From the first line of the data below through the line holding "Borsa a tracolla", write out each line exactly as it stands.
**********
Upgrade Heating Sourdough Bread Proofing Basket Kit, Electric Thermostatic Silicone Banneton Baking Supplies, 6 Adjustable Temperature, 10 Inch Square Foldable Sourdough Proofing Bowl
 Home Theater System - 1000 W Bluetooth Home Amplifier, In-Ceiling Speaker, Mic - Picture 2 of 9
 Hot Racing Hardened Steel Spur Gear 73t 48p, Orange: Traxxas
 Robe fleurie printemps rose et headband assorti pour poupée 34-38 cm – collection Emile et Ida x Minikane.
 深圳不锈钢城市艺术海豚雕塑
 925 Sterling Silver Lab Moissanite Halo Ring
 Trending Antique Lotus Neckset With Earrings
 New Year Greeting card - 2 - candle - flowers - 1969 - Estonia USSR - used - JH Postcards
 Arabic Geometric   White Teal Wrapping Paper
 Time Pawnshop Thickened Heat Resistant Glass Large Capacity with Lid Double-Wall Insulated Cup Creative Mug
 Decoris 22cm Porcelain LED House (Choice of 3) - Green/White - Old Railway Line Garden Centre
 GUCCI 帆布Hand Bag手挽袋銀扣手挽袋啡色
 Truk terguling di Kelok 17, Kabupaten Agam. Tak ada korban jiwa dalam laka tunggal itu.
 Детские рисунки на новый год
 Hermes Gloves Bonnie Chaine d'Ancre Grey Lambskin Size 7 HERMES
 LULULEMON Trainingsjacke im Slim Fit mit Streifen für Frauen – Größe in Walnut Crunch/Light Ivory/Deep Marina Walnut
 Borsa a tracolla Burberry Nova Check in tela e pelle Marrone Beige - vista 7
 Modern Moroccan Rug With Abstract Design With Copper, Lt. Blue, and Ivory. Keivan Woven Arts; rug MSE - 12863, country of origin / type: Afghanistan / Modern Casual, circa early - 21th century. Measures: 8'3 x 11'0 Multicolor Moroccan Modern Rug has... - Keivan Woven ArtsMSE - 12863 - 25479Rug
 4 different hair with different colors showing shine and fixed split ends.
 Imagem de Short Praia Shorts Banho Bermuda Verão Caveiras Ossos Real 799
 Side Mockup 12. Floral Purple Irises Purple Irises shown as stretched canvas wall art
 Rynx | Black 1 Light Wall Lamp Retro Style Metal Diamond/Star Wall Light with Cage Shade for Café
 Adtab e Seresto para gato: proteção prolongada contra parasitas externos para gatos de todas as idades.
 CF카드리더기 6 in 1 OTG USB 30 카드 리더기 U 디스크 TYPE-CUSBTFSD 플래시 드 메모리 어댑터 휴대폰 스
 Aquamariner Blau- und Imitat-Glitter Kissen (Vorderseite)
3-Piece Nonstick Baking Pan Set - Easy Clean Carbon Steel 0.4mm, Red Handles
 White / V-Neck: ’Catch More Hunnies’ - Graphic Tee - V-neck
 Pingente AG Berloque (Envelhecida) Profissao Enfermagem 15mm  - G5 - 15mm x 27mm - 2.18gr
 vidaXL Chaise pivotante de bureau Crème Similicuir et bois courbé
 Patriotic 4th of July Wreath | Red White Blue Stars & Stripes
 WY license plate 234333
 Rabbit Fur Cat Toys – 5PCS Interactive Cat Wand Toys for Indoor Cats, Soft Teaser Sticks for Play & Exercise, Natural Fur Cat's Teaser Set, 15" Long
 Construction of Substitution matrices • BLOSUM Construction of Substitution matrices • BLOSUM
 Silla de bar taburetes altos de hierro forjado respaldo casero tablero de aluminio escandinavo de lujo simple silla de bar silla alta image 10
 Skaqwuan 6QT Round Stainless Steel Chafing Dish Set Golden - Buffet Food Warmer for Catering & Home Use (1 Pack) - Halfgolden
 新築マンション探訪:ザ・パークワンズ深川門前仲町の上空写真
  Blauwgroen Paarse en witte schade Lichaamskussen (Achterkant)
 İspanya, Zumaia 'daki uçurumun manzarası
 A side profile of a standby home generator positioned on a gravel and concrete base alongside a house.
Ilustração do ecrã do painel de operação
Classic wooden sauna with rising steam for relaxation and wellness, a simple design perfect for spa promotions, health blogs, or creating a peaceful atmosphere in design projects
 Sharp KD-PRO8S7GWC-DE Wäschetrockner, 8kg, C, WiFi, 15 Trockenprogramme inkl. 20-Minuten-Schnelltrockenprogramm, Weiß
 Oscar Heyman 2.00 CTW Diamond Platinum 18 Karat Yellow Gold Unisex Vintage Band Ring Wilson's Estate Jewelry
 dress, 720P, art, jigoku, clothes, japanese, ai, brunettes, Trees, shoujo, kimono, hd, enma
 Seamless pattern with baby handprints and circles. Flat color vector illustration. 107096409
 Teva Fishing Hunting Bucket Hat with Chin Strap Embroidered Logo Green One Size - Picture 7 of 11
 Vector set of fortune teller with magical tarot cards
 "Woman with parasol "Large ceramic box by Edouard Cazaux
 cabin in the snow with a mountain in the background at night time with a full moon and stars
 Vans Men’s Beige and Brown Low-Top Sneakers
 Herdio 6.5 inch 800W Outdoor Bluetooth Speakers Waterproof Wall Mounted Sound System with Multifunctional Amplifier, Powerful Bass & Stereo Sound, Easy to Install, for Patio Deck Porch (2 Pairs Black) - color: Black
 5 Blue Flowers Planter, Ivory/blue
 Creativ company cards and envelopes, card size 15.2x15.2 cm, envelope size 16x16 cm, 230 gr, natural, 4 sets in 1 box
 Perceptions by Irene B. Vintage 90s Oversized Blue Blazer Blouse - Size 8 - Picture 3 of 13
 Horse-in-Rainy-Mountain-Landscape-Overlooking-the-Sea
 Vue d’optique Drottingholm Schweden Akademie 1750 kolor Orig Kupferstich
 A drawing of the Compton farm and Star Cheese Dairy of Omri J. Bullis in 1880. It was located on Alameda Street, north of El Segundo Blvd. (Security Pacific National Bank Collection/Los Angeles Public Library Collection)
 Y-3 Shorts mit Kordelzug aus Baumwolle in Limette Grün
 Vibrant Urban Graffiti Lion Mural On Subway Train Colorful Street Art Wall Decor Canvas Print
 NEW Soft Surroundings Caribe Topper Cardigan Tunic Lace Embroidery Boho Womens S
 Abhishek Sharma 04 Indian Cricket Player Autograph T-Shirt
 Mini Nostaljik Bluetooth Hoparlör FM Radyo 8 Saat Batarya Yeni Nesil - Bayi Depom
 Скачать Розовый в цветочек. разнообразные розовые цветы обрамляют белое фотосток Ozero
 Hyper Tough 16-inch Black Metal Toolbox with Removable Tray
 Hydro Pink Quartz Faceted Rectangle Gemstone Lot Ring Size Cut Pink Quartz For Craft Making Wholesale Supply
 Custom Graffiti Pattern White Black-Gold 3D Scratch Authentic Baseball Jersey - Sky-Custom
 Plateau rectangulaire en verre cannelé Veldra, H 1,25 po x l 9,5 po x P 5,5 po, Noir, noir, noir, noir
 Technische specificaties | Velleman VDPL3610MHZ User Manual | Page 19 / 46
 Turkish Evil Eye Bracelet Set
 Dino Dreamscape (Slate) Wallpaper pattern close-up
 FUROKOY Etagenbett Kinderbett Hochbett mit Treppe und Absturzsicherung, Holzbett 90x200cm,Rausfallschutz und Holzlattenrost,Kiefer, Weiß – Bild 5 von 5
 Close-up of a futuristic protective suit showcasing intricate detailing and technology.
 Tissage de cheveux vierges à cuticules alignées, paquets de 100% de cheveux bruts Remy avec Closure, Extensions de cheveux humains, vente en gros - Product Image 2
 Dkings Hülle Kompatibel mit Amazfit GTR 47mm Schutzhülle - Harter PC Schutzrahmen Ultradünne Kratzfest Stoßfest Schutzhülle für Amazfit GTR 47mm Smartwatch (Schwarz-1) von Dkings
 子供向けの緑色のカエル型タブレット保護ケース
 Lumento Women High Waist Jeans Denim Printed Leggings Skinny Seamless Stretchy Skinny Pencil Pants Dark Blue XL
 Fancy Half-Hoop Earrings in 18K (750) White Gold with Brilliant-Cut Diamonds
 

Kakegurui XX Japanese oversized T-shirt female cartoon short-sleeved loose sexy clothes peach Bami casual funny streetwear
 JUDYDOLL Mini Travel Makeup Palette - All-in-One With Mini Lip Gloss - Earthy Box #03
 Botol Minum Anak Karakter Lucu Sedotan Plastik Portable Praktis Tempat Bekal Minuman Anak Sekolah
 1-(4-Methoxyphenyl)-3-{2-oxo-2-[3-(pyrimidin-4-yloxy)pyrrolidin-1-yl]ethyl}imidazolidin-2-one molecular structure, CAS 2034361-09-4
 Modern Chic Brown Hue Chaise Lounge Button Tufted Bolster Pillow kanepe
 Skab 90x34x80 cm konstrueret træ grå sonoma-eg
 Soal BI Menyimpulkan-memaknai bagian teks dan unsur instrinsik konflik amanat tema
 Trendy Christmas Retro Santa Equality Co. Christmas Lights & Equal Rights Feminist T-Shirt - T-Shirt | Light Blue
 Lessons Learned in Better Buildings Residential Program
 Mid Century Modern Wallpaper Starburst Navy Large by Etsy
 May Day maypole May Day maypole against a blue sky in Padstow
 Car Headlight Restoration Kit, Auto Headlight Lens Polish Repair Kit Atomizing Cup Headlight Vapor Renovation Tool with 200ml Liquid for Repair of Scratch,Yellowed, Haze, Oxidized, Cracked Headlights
**********
# RESULT OF THE EXERCISE
Upgrade Heating Sourdough Bread Proofing Basket Kit, Electric Thermostatic Silicone Banneton Baking Supplies, 6 Adjustable Temperature, 10 Inch Square Foldable Sourdough Proofing Bowl
 Home Theater System - 1000 W Bluetooth Home Amplifier, In-Ceiling Speaker, Mic - Picture 2 of 9
 Hot Racing Hardened Steel Spur Gear 73t 48p, Orange: Traxxas
 Robe fleurie printemps rose et headband assorti pour poupée 34-38 cm – collection Emile et Ida x Minikane.
 深圳不锈钢城市艺术海豚雕塑
 925 Sterling Silver Lab Moissanite Halo Ring
 Trending Antique Lotus Neckset With Earrings
 New Year Greeting card - 2 - candle - flowers - 1969 - Estonia USSR - used - JH Postcards
 Arabic Geometric   White Teal Wrapping Paper
 Time Pawnshop Thickened Heat Resistant Glass Large Capacity with Lid Double-Wall Insulated Cup Creative Mug
 Decoris 22cm Porcelain LED House (Choice of 3) - Green/White - Old Railway Line Garden Centre
 GUCCI 帆布Hand Bag手挽袋銀扣手挽袋啡色
 Truk terguling di Kelok 17, Kabupaten Agam. Tak ada korban jiwa dalam laka tunggal itu.
 Детские рисунки на новый год
 Hermes Gloves Bonnie Chaine d'Ancre Grey Lambskin Size 7 HERMES
 LULULEMON Trainingsjacke im Slim Fit mit Streifen für Frauen – Größe in Walnut Crunch/Light Ivory/Deep Marina Walnut
 Borsa a tracolla Burberry Nova Check in tela e pelle Marrone Beige - vista 7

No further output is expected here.